Kendimi ikna etmem uzun sürmüştü. Ama nihayet onu arayacak gücü kendimde bulmuştum. Ürkekçe basmıştım telefonun tuşlarına ve cevap vermesini bekliyordum. Arka arkaya gelen üç "düüt" sesinden sonra cevap verdi:
- Efendim? (sesi nazik ve bir o kadar inceydi.)
- Merhaba Elya, Sipan ben nasılsın?
- Sipan! İyiyim sen nasılsın?
- İyiyim teşekkür ederim.
- Bu saatte neden aradın ki hayırdır?
- Yarın Birsen Tezer konseri vardı. Gelip gelmeyeceğini merak ettim.
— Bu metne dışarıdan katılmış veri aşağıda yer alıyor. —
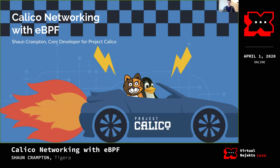I'm going to talk about Calico networking with eBPF. The Calico team have added a new data plane to Calico that uses eBPF, so I'm going to unpack that and see why we did it and what it's all about.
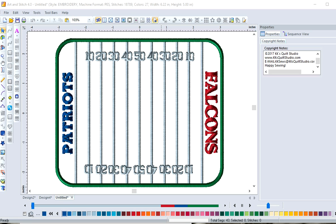Hi, welcome back to KK's Quilt Studio. I'm here today to share with you a mug rug design that I made in Art & Stitch.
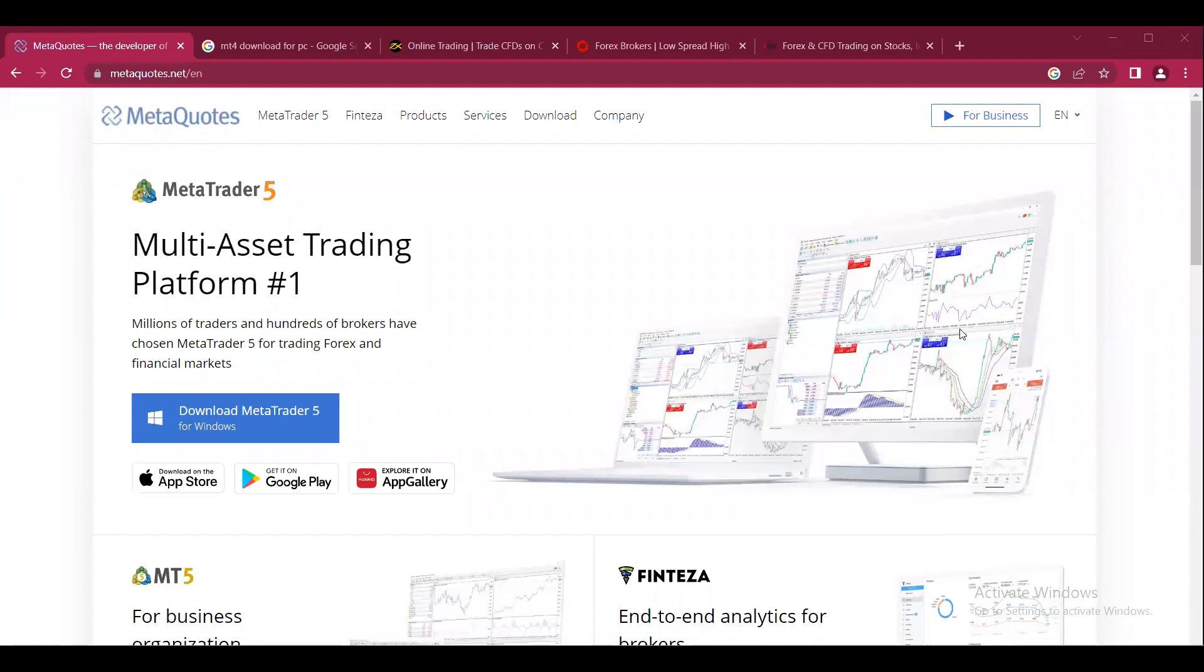Hello friends, welcome to another video. If you are unable to download MT4, or if you're trying to download MT4 but instead get MT5 downloaded in your system, this video is for you.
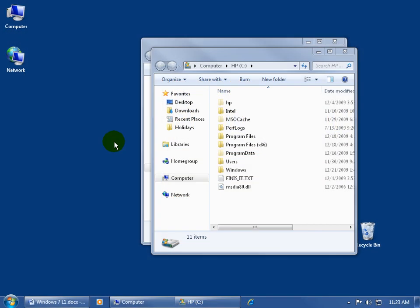The Aero Peek feature is new to Windows 7, and it will make all your open windows, and I've got one, two of them, become temporarily invisible or transparent so I can see through them to what's on my desktop behind it.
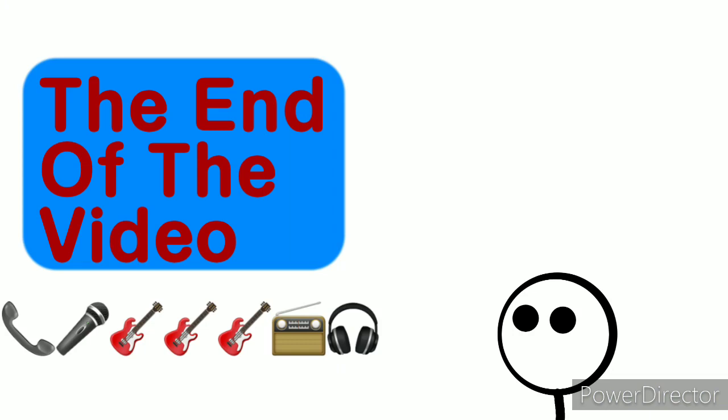This is the end of the video. This is not a video game. I don't know what I'm talking about. All right.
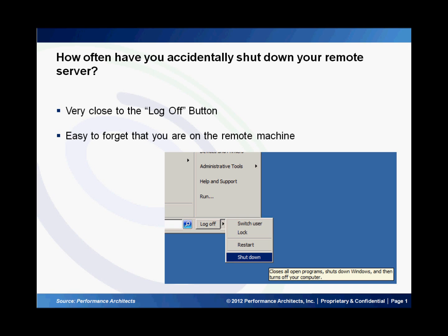If you find yourself working a lot on a remote server, you will see that it is easy to forget that you are on a remote machine or that these buttons are very close to the log off button which you usually want to click. So you may want to disable the restart and shutdown buttons so you don't accidentally shut down a remote server.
Haber veririm demiştin. Hala bir haber gelmeyince..!
- Gelebileceğimi zannetmiyorum üzgünüm. Bir arkadaşınla gidebileceğini söylemiştin. Problem olmaz senin için değil mi?
- Şey, yok tabii ki. Olur öyle yaparım. Olur da fikrin değişirse haber ver yine de.
- Olur haber veririm. İyi geceler!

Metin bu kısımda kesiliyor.